Ahhh...I think I have wanted to get that rant off my chest for a while.  Here I was wanting to talk about my quasi-St. Patricks' Day recipe and instead I go off on a rant.  I think this rant was long overdue for this blog though. 

(I'm wondering if Molly's has internet spies and if this blog will be deluged by supporters.  It seems whenever there is a complaint about the place whether online, in the town board meetings, or in the papers, there are always a bunch of plants saying how great the place is and what an asset it is to the town and how it would be a ghost town without Molly's.  Yeah.  Whatever!)

So what about recipes? 

Lamb stew is a very traditional Irish dish.   I have said many times before that I am not a huge fan of stew, but I do love a good braised lamb shank.  I have been wanting to make that for a long time now, but lamb shanks never seem to be available when I want them. 

The first half of this week wasn't exactly soup and stew weather. It seemed if as spring were arriving early. Wouldn't you know it that today the temps dropped back down to typical March weather? It seemed everything was in place for a good lamb braise.

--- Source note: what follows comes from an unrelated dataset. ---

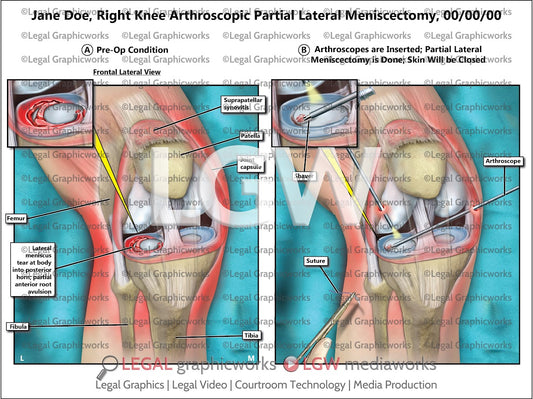 Right Knee Arthroscopic Partial Lateral Meniscectomy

I was in luck as I finally found shanks at Whole Paycheck yesterday.  They had three different varieties.  Two of them were from New Zealand, but they had local ones as well.  I decided the local ones would be the most politically correct.  I was going to buy two, but these shanks were HUGE.  I knew I could get two meals out of one shank.
If this is from a lamb, how big would the sheep be if it had grown up?  Megasheep!

I browned  carrots with onions, garlic and some fennel.  I decided to use fennel instead of celery because I love the flavor of fennel so much and wanted to see how that would affect the taste of the dish.  After they browned I added some tomato paste and then I pureed the veggies together.  I decided I would really make the veggies part of the sauce.  Did I mention I used bacon as the base?
The shank was browned and then went into the pot with some homemade beef stock (last night I simmered some roasted marrow bones with carrots, celery, parsley, and a bay leaf for my very first beef stock), red wine, bay leaves, thyme, rosemary and the veggie puree.


The resulting dish was delicious!  The fennel in the sauce made the flavor just a bit unique.  I had quite a bit of leftover cooking liquid.  I decided to freeze it and use it for future braises. You can cook a lot more than just one big lamb shank in this liquid, so feel free to throw a few more in the pot if you try this recipe.


Happy St. Patrick's Day!

The Short (dis)Order Cook's Braised Lamb Shanks

Ingredients
  • 2-4 pounds lamb shanks
  • Salt and pepper
  • 4 strips bacon, cut into small pieces
  • 3 medium carrots, but into chunks
  • 1 large onion cut in large dice
  • 1 small fennel blub, cut into chunks
  • 4 cloves of garlic, minced
  • 2 Tbl tomato paste
  • 2 cups beef stock
  • 2 cups red wine (I used petite syrah)
  • A few sprigs fresh thyme
  • 2 sprigs fresh rosemary
  • 2 bay leaves
Heat oven to 300 degrees.

In a large pot, cook bacon down till crisp and fat is rendered.  Drain off some of the excess fat  and add the carrots to the pot.  Once they start to take on some color add the the fennel and the onion.  When they soften, add the garlic and cook another minute. 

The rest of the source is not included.